110.La loi pose comme préalable au mariage la satisfaction de critères de rationalité, de puberté et de compatibilité entre le futur époux, ainsi que l’absence de disproportion quant à l’âge, ce dernier critère étant un droit conféré uniquement à la femme. L’enregistrement officiel du mariage et l’établissement de l’acte en attestant sont interdits si la jeune fille a moins de 15 ans et le jeune homme moins de 17 ans à la date de l’enregistrement.
111.La loi no 51 de 1984 relative au statut personnel confère aux femmes un certain nombre de droits et de responsabilités. En conséquence, une fois l’acte de mariage établi, la femme a droit à une dot et à un logement, ainsi que le droit d’être entretenue par son mari conformément à son statut. Elle a le droit de réclamer une pension alimentaire si son mari ne s’acquitte pas de son devoir d’entretien.
112.En ce qui concerne le droit des femmes au divorce ou à l’annulation du mariage, la loi accorde aux femmes le droit de demander la séparation pour cause de blessure ou d’absence, en vertu de l’article 136 de la loi, qui stipule que si le mari s’absente pendant une année ou plus sans excuse valable, sa femme peut demander le divorce si l’absence du conjoint lui cause un tort.
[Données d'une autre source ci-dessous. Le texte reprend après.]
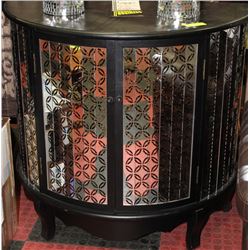 MIRRORED HALF MOON HALL CHEST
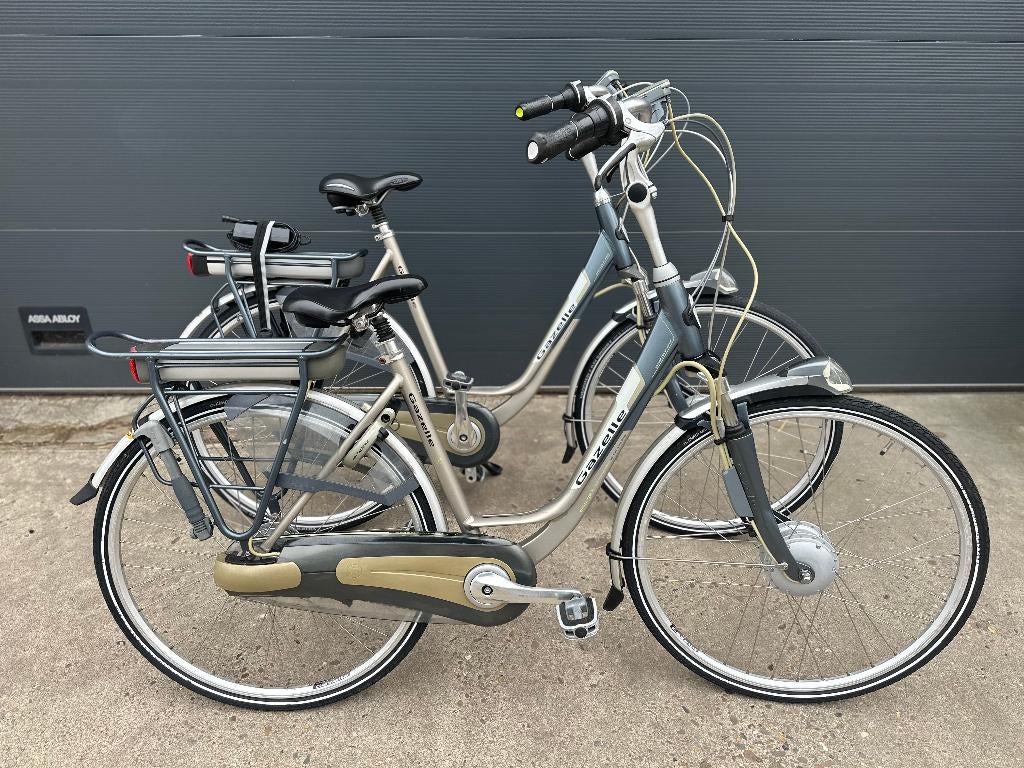 set nieuw staat gazelle's met geteste accu,s, Fietsen en Brommers, Elektrische fietsen, Ophalen, Zo goed als nieuw, 50 km per accu of meer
Dans le même ordre d’idées, si le mari est condamné à une peine de prison, sa femme peut demander le divorce à la fin de la première année de prison, en application de l’article 137 de la loi, qui stipule que si le mari fait l’objet d’une condamnation définitive à une peine de prison et qu’il est ensuite emprisonné pour une période de trois ans ou plus, sa femme peut demander le divorce à compter de l’achèvement de la première année d’incarcération.
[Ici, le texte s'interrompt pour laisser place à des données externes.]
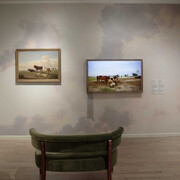 Risham Syed, Destiny fractured, exhibition view. Courtesy of the Newark Museum of Art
113.Il ressort clairement de ce qui précède qu’une femme peut faire appel aux tribunaux pour obtenir le divorce de son mari parce qu’il est impossible pour les deux de cohabiter. Elle a aussi le droit de demander le divorce si son mari n’assure pas son entretien, n’a pas de biens connus et n’a pas fait la preuve de son insolvabilité, auquel cas le juge accorde au mari un délai pour verser une pension alimentaire et, en cas de carence, la femme peut demander le divorce.
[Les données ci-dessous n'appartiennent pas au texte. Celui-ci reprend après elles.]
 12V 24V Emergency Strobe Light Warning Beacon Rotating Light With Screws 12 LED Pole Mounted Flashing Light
114.Le droit pour une femme d’obtenir la garde de ses enfants est régi par la section I du chapitre V de la loi, dont les articles 189 à 199 fixent les règles de cette garde. Aux termes de l’article 189, la garde revient à la mère, suivie de la grand-mère maternelle. Si cette dernière n’est pas en mesure d’assurer la garde de l’enfant, c’est la tante maternelle de la mère qui prend la relève, suivie de la tante paternelle de la mère, de la mère du père, de la tante paternelle du père, de la tante maternelle du père et, enfin, d’une cousine, la branche maternelle primant sur la branche paternelle.
Stratégie de développement (1990-2015)
115.Soulignant l’importance des femmes et de leur statut dans la société, la stratégie de développement à long terme du Koweït (1990-2015), adoptée en 1989 par le Haut Conseil de la planification, est centrée sur le rôle essentiel des femmes dans la société, en tant que mères et formatrices des générations futures, et sur leur contribution à la main-d’œuvre et aux efforts de développement du pays, thème repris dans la Charte nationale pour la réforme et le développement (1992/93-1994/95), dans le projet de programme de travail du Gouvernement pour 1996 et dans le Plan quinquennal de développement économique et social (1995/96-1999/2000).